#### [YOUR OBJECTIVE]
Look for the line with "Cytoplasmic inclusions and" in the entries below, then extract that line and all lines after it exactly, with pictures left out.

#### [RECORDS FOR THE EXERCISE]
=-=-=-=-=

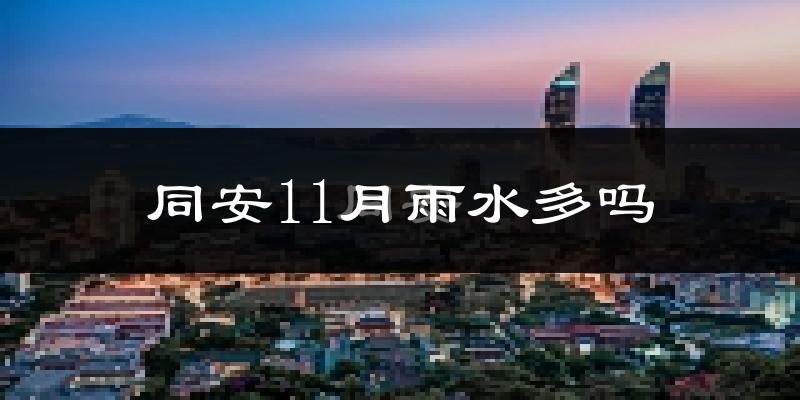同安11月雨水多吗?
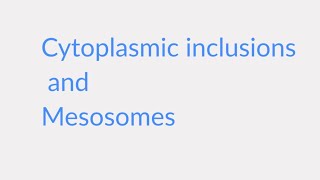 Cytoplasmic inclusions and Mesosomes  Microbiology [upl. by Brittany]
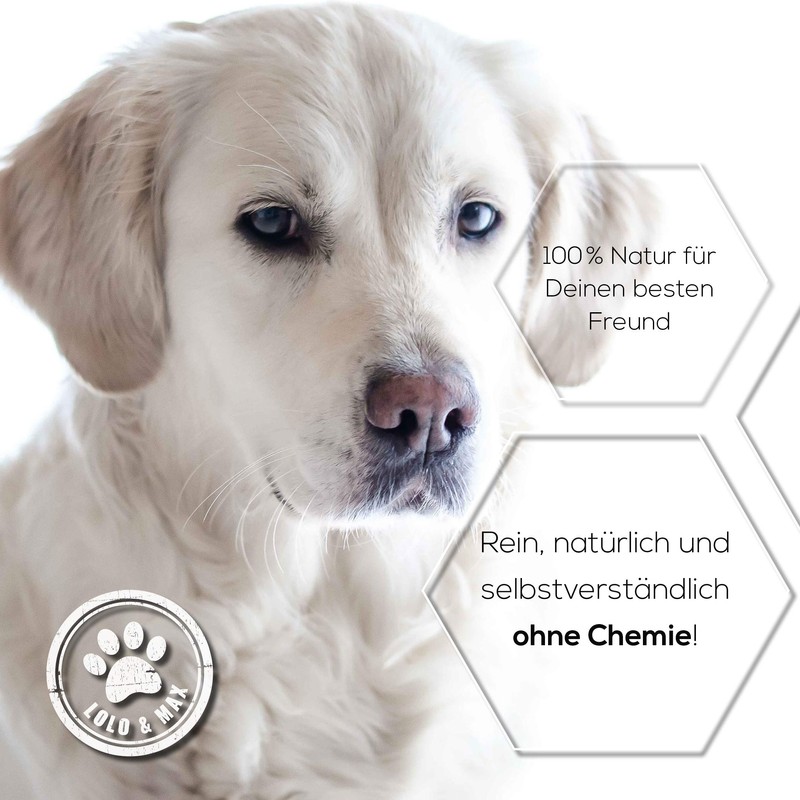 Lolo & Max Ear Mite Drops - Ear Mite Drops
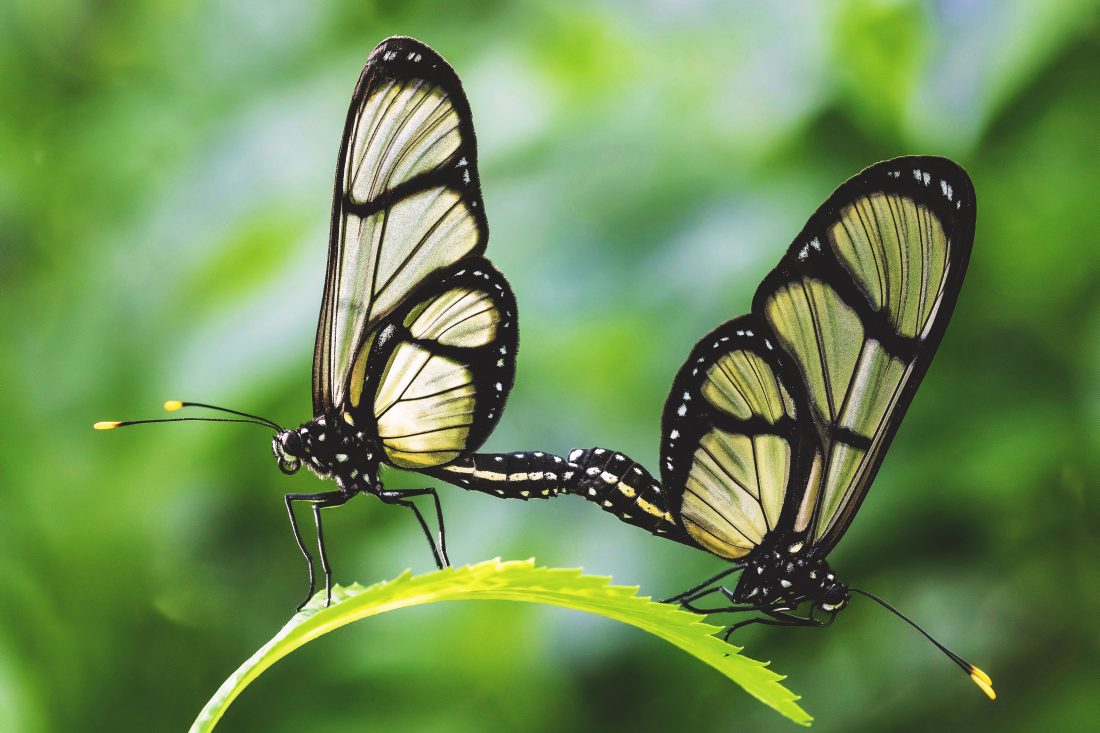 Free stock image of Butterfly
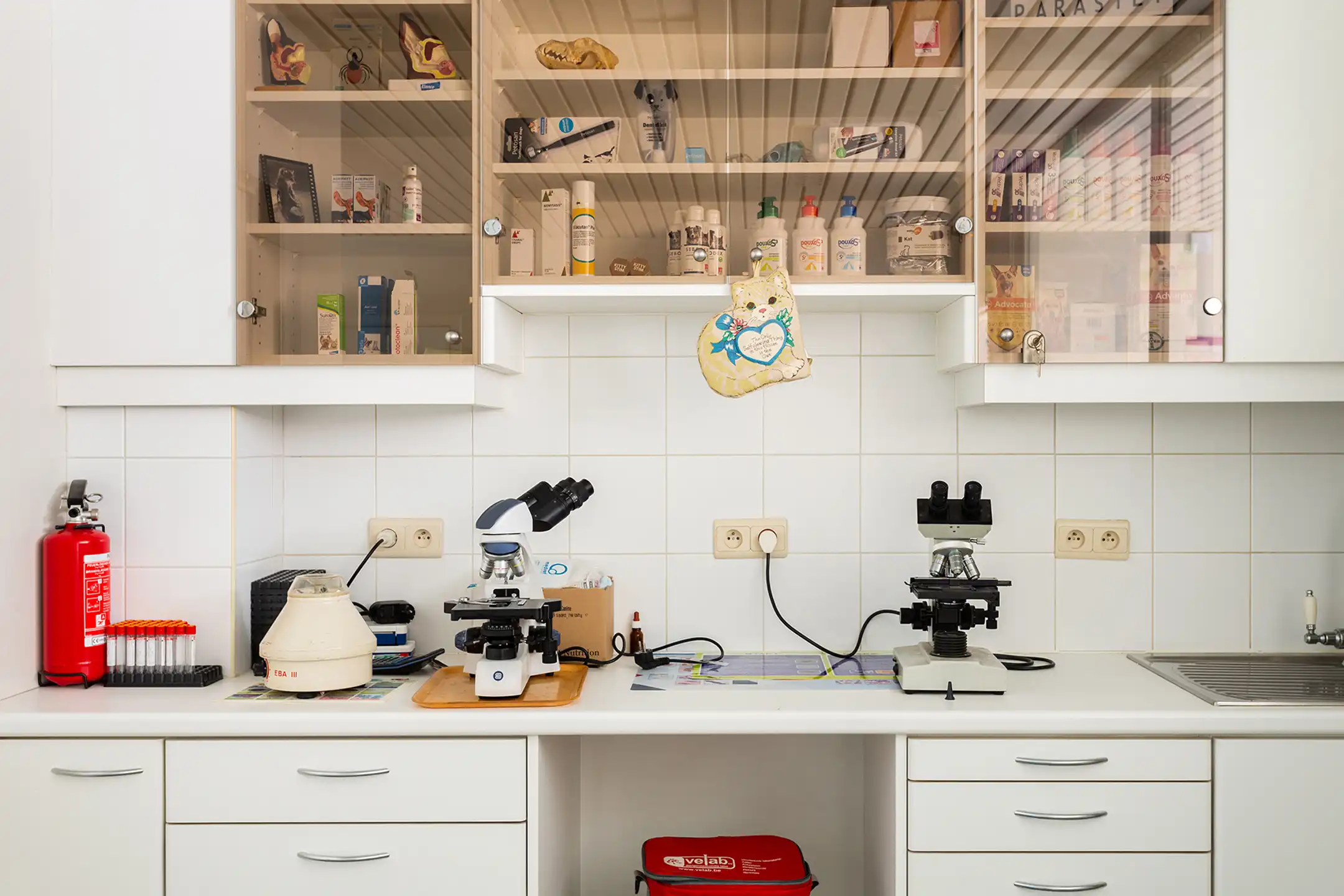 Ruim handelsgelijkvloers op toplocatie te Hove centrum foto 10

=-=-=-=-=

#### [RESPONSE AREA]
 Cytoplasmic inclusions and Mesosomes  Microbiology [upl. by Brittany]
 Lolo & Max Ear Mite Drops - Ear Mite Drops
 Free stock image of Butterfly
 Ruim handelsgelijkvloers op toplocatie te Hove centrum foto 10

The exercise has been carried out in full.